Aim of the exercise> Please copy each line of the records below that includes the word "Small".

Data provided>

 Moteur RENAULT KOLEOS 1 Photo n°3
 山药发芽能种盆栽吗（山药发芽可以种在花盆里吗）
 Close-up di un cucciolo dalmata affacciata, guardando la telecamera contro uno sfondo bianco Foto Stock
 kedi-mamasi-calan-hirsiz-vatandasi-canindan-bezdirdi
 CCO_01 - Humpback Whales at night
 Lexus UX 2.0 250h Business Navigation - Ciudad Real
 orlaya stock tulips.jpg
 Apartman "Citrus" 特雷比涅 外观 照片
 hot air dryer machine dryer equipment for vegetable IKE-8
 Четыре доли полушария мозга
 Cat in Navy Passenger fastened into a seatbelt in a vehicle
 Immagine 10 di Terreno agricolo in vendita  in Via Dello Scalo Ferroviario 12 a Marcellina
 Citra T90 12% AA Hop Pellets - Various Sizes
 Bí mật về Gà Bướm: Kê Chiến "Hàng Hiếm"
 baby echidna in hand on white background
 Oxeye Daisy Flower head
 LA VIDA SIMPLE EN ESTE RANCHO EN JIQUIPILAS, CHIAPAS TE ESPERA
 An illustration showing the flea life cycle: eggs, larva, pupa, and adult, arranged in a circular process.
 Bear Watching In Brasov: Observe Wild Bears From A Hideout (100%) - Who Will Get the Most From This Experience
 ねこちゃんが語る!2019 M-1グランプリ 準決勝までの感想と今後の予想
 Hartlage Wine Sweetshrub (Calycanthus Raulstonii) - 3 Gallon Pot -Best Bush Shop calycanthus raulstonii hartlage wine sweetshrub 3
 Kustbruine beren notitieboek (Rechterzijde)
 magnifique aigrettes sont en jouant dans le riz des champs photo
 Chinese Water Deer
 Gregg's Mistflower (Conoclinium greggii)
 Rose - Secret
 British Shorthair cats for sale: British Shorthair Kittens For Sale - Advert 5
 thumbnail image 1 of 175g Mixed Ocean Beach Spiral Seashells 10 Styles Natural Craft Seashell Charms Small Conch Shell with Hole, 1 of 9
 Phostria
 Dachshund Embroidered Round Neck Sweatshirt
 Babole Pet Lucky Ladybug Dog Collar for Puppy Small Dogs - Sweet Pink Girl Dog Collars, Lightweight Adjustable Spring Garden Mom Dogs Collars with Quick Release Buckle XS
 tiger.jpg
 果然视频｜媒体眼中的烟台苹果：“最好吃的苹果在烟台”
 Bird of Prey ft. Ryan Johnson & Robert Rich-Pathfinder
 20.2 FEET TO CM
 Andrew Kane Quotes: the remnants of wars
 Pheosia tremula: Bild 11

Completed task>
 thumbnail image 1 of 175g Mixed Ocean Beach Spiral Seashells 10 Styles Natural Craft Seashell Charms Small Conch Shell with Hole, 1 of 9
 Babole Pet Lucky Ladybug Dog Collar for Puppy Small Dogs - Sweet Pink Girl Dog Collars, Lightweight Adjustable Spring Garden Mom Dogs Collars with Quick Release Buckle XS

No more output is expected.